### EXERCISE INPUT
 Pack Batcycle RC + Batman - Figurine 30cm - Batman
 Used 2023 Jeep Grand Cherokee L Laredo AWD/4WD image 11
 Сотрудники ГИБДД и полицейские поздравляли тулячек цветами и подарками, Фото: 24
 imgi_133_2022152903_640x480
...
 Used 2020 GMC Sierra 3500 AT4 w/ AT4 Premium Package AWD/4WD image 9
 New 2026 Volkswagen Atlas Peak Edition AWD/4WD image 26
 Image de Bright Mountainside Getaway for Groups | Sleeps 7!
--
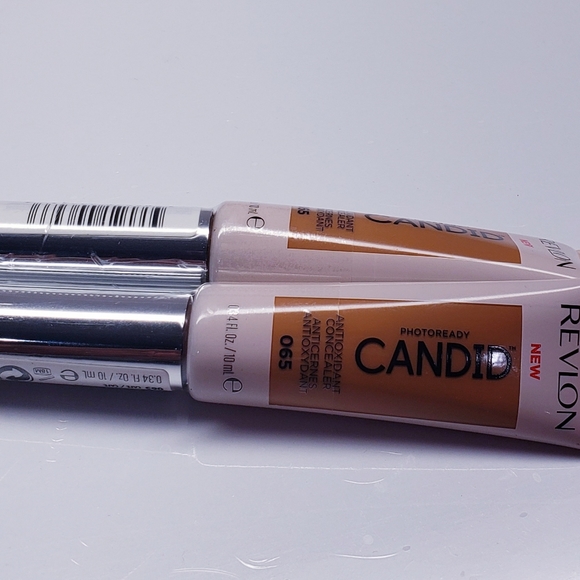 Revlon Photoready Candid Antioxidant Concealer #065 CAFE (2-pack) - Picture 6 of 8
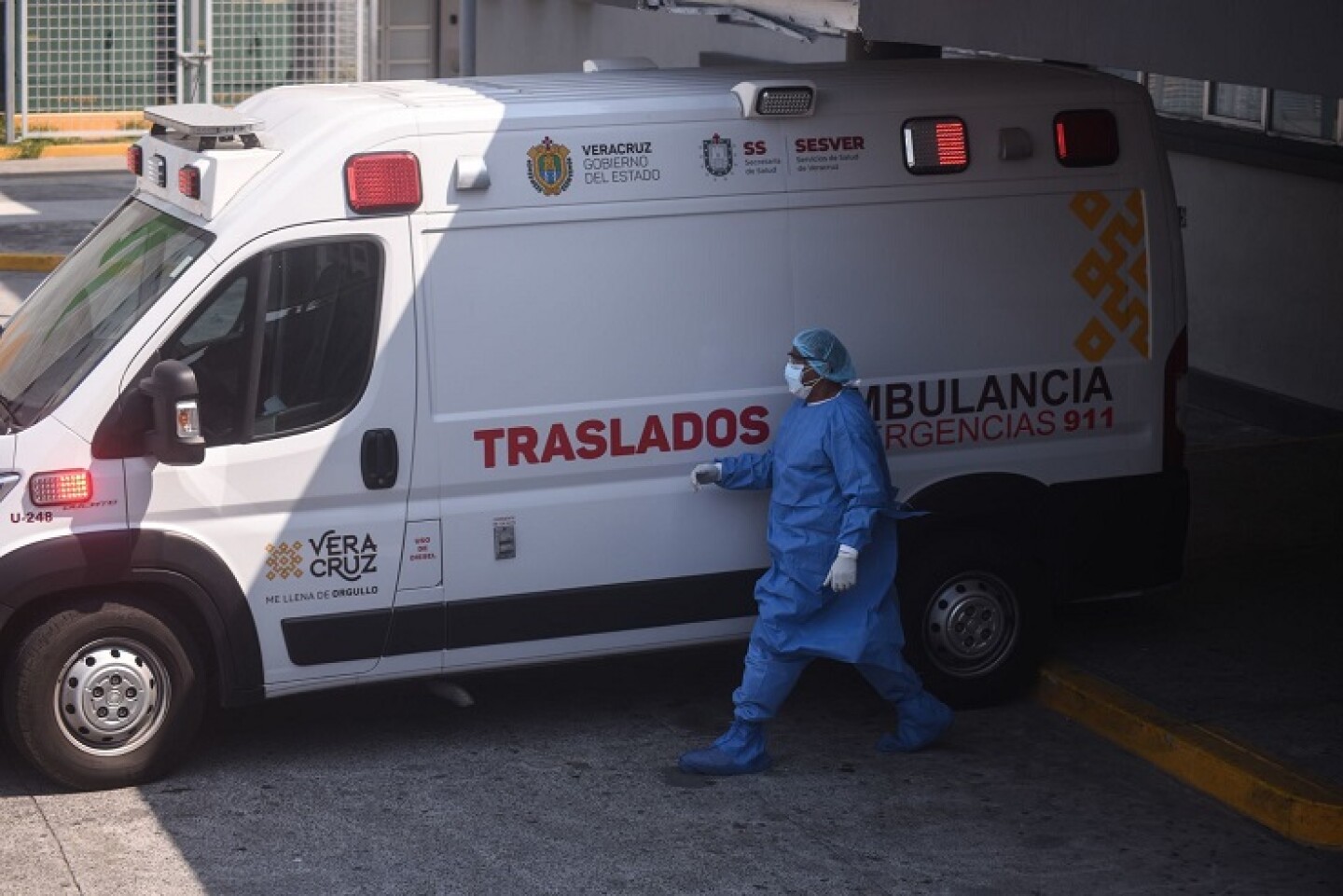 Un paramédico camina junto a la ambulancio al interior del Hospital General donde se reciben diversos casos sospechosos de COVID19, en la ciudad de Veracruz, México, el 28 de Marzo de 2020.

### WHAT THE EXERCISE ASKS
Out of the listing above, reproduce exactly the lines from the one with "Used 2020 GMC" up to and including the one with "Image de Bright".

### ANSWER TO THE PROBLEM
 Used 2020 GMC Sierra 3500 AT4 w/ AT4 Premium Package AWD/4WD image 9
 New 2026 Volkswagen Atlas Peak Edition AWD/4WD image 26
 Image de Bright Mountainside Getaway for Groups | Sleeps 7!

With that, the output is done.